The United States Citizenship and Immigration Services (USCIS) has announced that it has received enough petitions to reach the cap for an additional 20,716 visas eligible for returning workers for the first half of the fiscal year 2024, with start dates on or before March 31, 2024, under the H-2B supplemental cap temporary final rule (FY 2024).
Through a statement, USCIS announced that January 9, 2024, was the final receipt date for petitions requesting supplemental H-2B visas under the FY 2024 first-half returning worker allocation, VisaGuide.World reports.
We are still accepting petitions for H-2B nonimmigrant workers with start dates on or before March 31, 2024, for the additional 20,000 visas allotted for nationals of El Salvador, Guatemala, Honduras, Haiti, Colombia, Ecuador, and Costa Rica (country-specific allocation), and those who are exempt from the congressionally mandated cap, as well as those who are exempt from the congressionally mandated cap.

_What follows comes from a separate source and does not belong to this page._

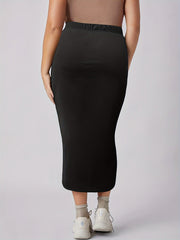 Plus Solid Chain Decor Elastic High Rise Bodycon Midi Skirt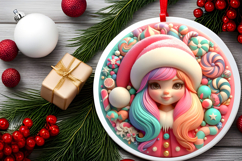 Round Christmass Ornament Sublimation|Clipart Product Image 2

On November 17, 2023, the Fiscal Year 2024 Temporary Final Rule was released with an immediate effective date.
The USCIS immediately began accepting H-2B petitions for the first half of FY 2024, thus permitting a total of 20,716 returning workers and 20,000 persons from El Salvador, Honduras, Haiti, Guatemala, Ecuador, and Costa Rica, exempt from the returning worker requirement, with initial dates on or before March 31, 2024.
Petitioners with start dates on or before March 31, 2024, whose workers were not accepted for the 20,716 returning worker allocation are encouraged to file under the country-specific allocation while visas remain available.

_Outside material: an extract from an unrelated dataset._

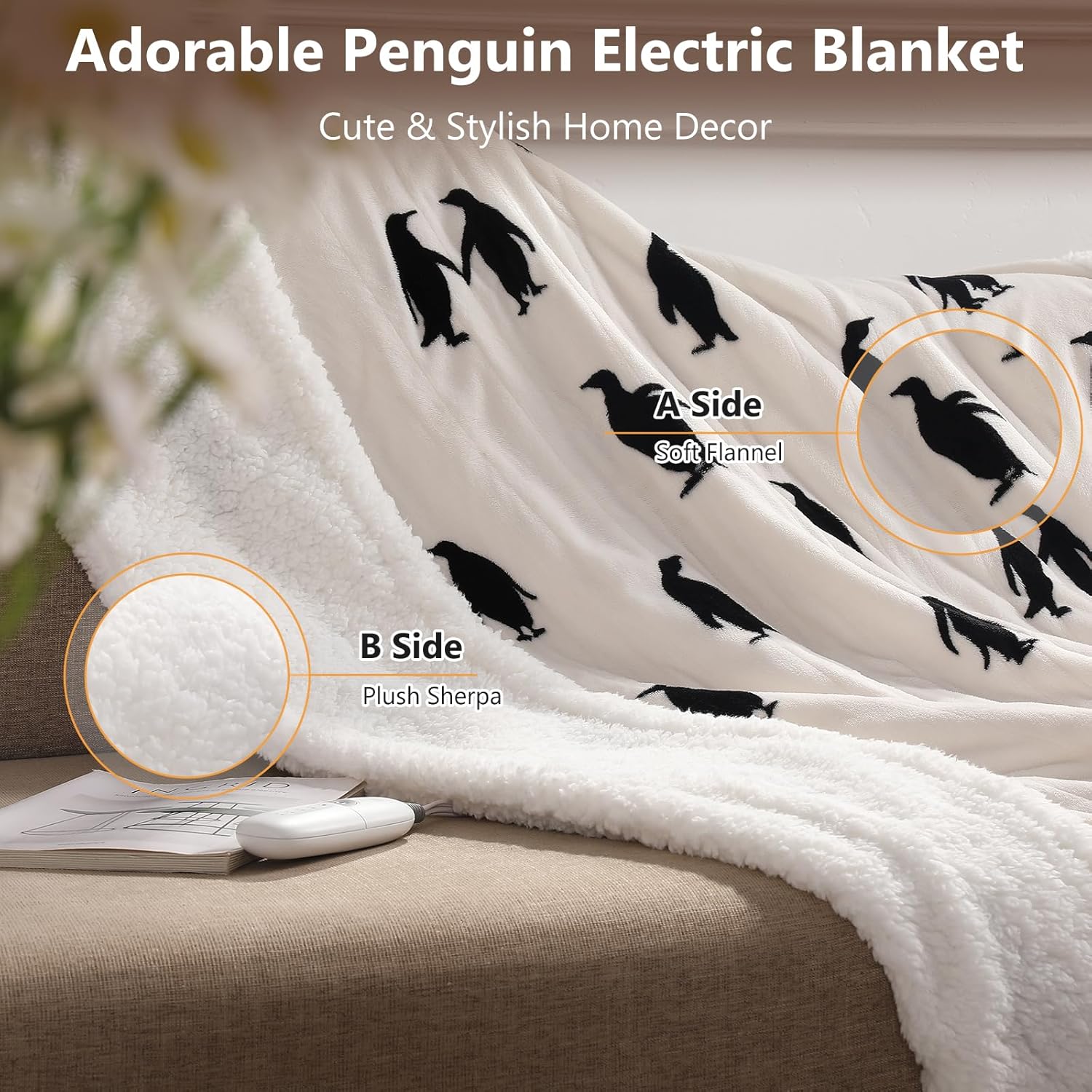 Electric Throw Blanket Heated Blanket Throw with 5 Heating Levels & 4 Hours Auto Off 50"x60" Cute Heated Throw Blanket with ETL & FCC Certification for Home Office, Machine Washable, Great Gift - Image 4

The USCIS has also announced that as of January 12, 2024, USCIS has received petitions requesting a total of 4,500 workers under the 20,000 visas set aside for individuals from El Salvador, Honduras, Guatemala, Haiti, Ecuador, Colombia, and Costa Rica.
In November last year, the USCIS announced that an additional 64,716 temporary nonagricultural worker visas have been made eligible for the fiscal year 2024, in addition to the 66,000 visas that are eligible each year.
Back then, the USCIS announced that the main beneficiaries of the additional visas would be temporary workers engaged in fields such as hospitality, tourism, and landscaping, among others.
The temporary H-2B visa program allows employers in the US to hire noncitizens on a temporary basis to perform nonagricultural labor or services within the US.
While the H-2A visa targets temporary and seasonal agricultural workers, the H-2B program is dedicated to temporary nonagricultural workers.